Nana's are Beautiful
Many of the older members here are familiar with the story of stepgfg and why my profile has her and my grandchildren Kayla and Alex listed as missing.

Nine years ago stepgfg contacted us, homeless and pregnant with Kayla. After several months of her situation not improving in MO, and getting worse with the passage of time, we finally convinced her to move in with us. mother in law paid the bus fare for stepgfg and the baby. She arrived so gaunt and discheiveled that I kid you not, I didn't recognize her.

She lived with us only a few weeks before she told us she was pregnant. No, actually, I told her she was pregnant and to come clean so she could get prenatal care. (I'd already guessed this was the reason for her sudden change of heart)

I'm not going into the whole story. But she was to have left abusive boyfriend behind to make a fresh start. While living in our home she was neglectful and abusive to Kayla. We moved her into her own apartment shortly before Alex was born. And it went straight downhill from there. We discovered the boyfriend had actually come with her and had been living on the street while she'd lived with us. (she hadn't left him) And that she was a meth addict.
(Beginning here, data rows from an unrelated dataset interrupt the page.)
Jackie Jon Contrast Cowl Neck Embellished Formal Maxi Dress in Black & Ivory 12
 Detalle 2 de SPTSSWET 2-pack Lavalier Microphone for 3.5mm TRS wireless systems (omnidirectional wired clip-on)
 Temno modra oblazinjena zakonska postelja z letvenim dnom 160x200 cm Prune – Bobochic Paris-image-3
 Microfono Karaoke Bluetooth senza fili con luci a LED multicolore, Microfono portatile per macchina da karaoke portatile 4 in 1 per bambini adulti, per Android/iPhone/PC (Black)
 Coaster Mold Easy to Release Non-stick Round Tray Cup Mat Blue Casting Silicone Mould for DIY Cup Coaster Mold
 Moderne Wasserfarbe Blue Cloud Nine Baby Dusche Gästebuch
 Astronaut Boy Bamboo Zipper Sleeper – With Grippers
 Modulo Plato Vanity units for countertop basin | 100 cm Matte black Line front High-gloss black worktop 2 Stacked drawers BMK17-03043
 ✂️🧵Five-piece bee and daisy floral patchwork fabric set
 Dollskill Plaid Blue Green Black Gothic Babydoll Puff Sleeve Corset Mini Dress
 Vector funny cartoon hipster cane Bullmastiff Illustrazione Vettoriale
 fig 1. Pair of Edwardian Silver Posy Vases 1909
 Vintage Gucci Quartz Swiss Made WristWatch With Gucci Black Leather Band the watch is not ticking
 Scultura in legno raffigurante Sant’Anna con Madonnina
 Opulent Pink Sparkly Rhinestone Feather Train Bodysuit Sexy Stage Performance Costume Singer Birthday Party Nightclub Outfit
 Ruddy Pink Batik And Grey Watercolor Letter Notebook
When Kayla was 2 and Alex was 1 they just up and vanished. I received a nasty letter about me wanting to take the kids from her about a week later. That's the last we heard.

When we discovered her missing I'd called cps in Mo and informed them she was returning to live on the streets with the grandkids. They told me they'd be watching for her. (the reason for the nasty letter, I assume she believe husband and I got custody)

A post here prompted me to search via the internet once again. Only tonight my mouse landed on a link I ordinarily would ignore. Reunion.com I typed in her name and age and they gave me an immediate result. I had to sign up to the sight to see it. Since it was free and I figured it would be another dead end I did it.

I found her.

Dear God in Heaven.

I swear to you my heart plunged straight thru the floor. My hands are still shaking.

Stepgfg is alive. She married boyfriend. And she's living in Mo. She has a "friend" posted, but no pics of the kids. Hmmmm.

Do I want to open this can of worms? I don't think so. I wouldn't dare unless I knew that by some miracle stepgfg is clean and sober. And even then I'd probably be gun shy. She nearly distroyed Nichole mentally and emotionally when she took off. (mothers just don't do that to their babies) And she leveled a mighty heavy blow to the whole family.

The sight will contact her that I've searched for her. She'll get my email addy, but I gave no other info. If she tried she could just call information and get our phone number and such. I've kept it listed.

For me, the peace of mind that she is alive and evidently somewhat well is enough for now. I don't know what will come of my search tonight. I don't know if she joined hoping we were looking for her or not. She doesn't really have family except us.

But I wonder how much Fate played into this or just one whopping dose of coincidence? Stepgfg joined this site only 4 days ago. And I found her tonight. What are the odds? I've been searching on and off for 6 long years.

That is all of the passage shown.